Merece igualmente destaque nessa introdução “os novos fenômenos do capitalismo contemporâneo”, destacados por Francisco Teixeira e Celso Frederico, analisados na obra Marx no século XXI. Esses novos fenômenos estão sintetizados sob a denominação de “cooperação complexa”. Seguindo a metodologia de Marx, estes autores enfatizam a “cooperação complexa” como desdobramento “natural” da grande indústria, assim como esta o foi da manufatura. A particularidade da “cooperação complexa” reside numa forma de produção de mercadorias na qual o movimento social do capital reúne, em uma só existência, o capital-dinheiro, o capital-produtivo e o capital-mercadoria; diferentemente “[…] da grande indústria, na qual o capital-dinheiro era um negócio particular dos bancos; o capital produtivo, dos industriais; e o capital-mercadoria, dos comerciantes” (TEIXEIRA & FREDERICO, p. 109).

Segundo eles, ainda, a “cooperação complexa”, além de ser uma forma menos progressiva que a grande indústria, representaria, também, a forma limite do capital; dado que opera no limite da fronteira de substituição de trabalho vivo por trabalho morto. Menos progressiva porque o neoliberalismo, a reestruturação produtiva e a redivisão social do trabalho, como momentos desse todo, representaria um movimento ofensivo contra a classe trabalhadora, tanto em termos de destruição da legislação de proteção ao trabalho assalariado quanto de sindicatos. Pode-se afirmar, sem sombra de dúvida, que Teixeira e Frederico conseguiram atualizar “O Capital” no que se refere ao processo global de produção do capital no capitalismo contemporâneo (capitalismo digital-financeiro-de-vigilância).

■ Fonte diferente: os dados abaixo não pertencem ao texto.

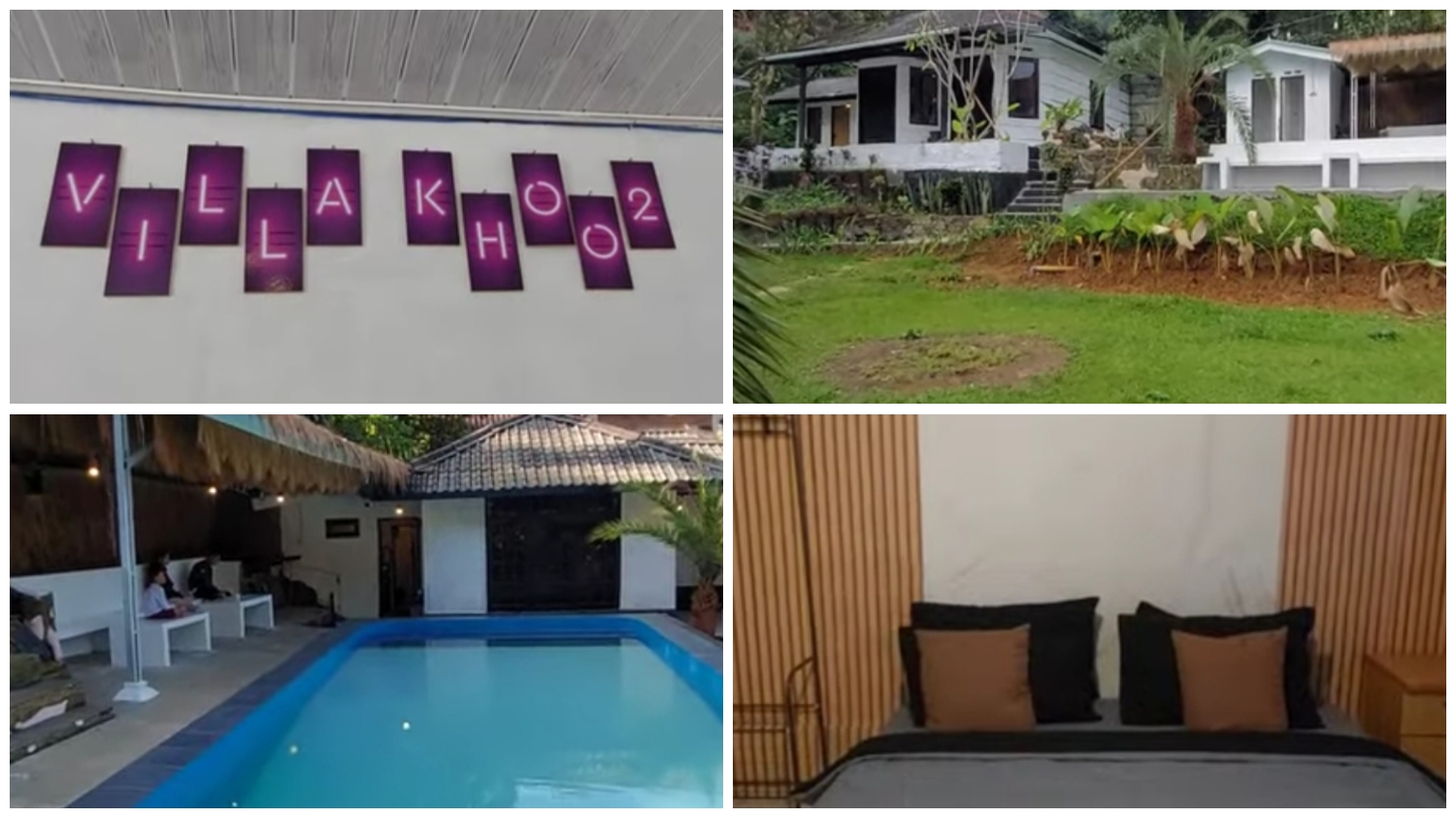 Ilustrasi Villa Khoo 2 tempat menginap yang dekat destinasi wisata.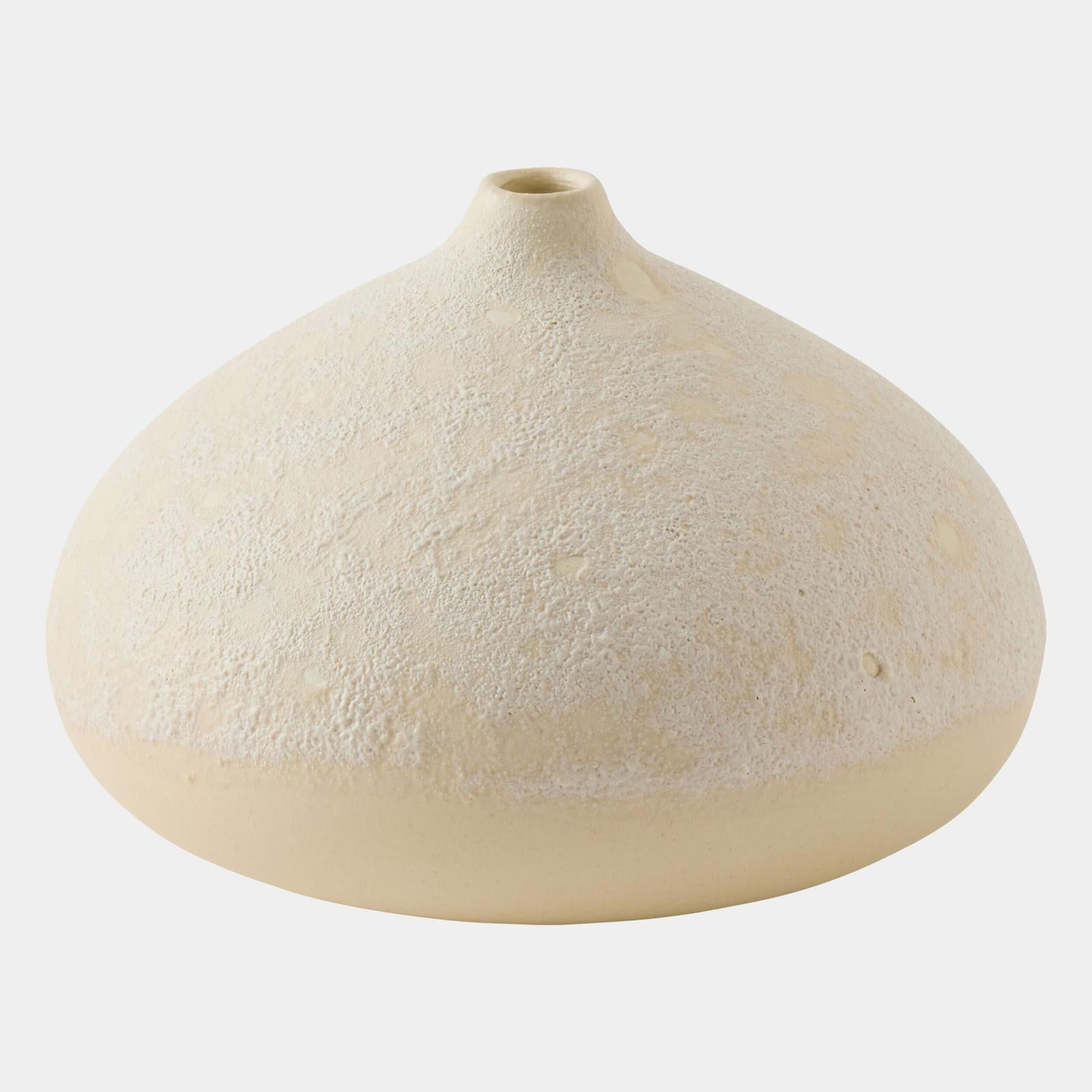 Global Views Mottled Bulb Vase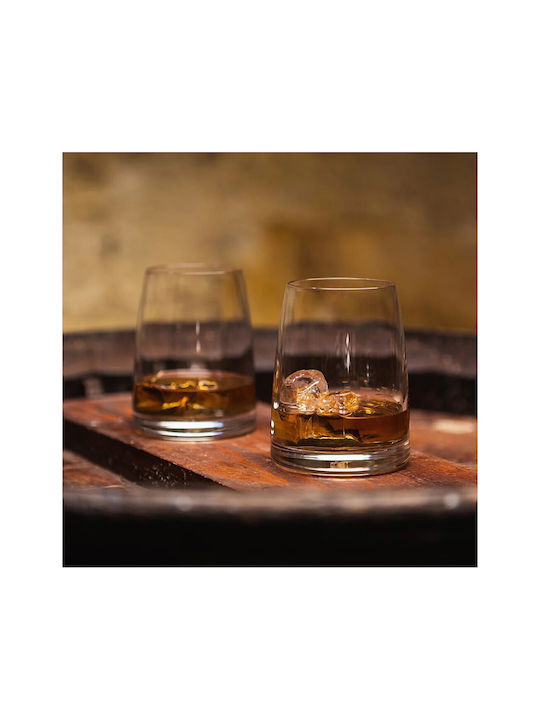 Stolzle Lausitz Set Pahare Whiskey / pentru Apă din Cristal 325ml 6 Bucăți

A grande questão que fica em aberto, a qual todos autores citados nessa introdução ajudaram a posicionar com mais clareza, e, que pretendemos desenvolver nos capítulos seguintes, pode ser assim formulada: e se o capital e seu respectivo processo de acumulação conseguir gerar os meios de se reproduzir para além da fronteira de substituição de trabalho vivo por trabalho morto? Se isso se apresentar realmente como uma possibilidade, podemos afirmar, com muita convicção, que caminhamos para um contexto social muito mais brutal que em qualquer época da história humana.

*José Micaelson Lacerda Morais é professor do Departamento de Economia da URCA. Autor, entre outros livros, de A última revolução: crítica de economia política.

Referência


José Micaelson Lacerda Morais. O capitalismo e a revolução do valor: apogeu e aniquilação. São Paulo, Amazon (Independently Published), 2021, 130 págs.

Bibliografia


CARCANHOLO, Reinaldo. Capital: essência e aparência. São Paulo: Expressão Popular, 2013.

MARX, Karl. O capital: crítica da economia política. Livro I: o processo de produção do capital. São Paulo: Boitempo, 2017.

OLIVEIRA, Francisco. O surgimento do antivalor: capital, força de trabalho e fundo público. São Paulo: Novos Estudos, n. 22, outubro, 1988.

TEIXEIRA, Francisco José Soares; FREDERICO, Celso. Marx no século XXI. São Paulo: Cortez, 2009.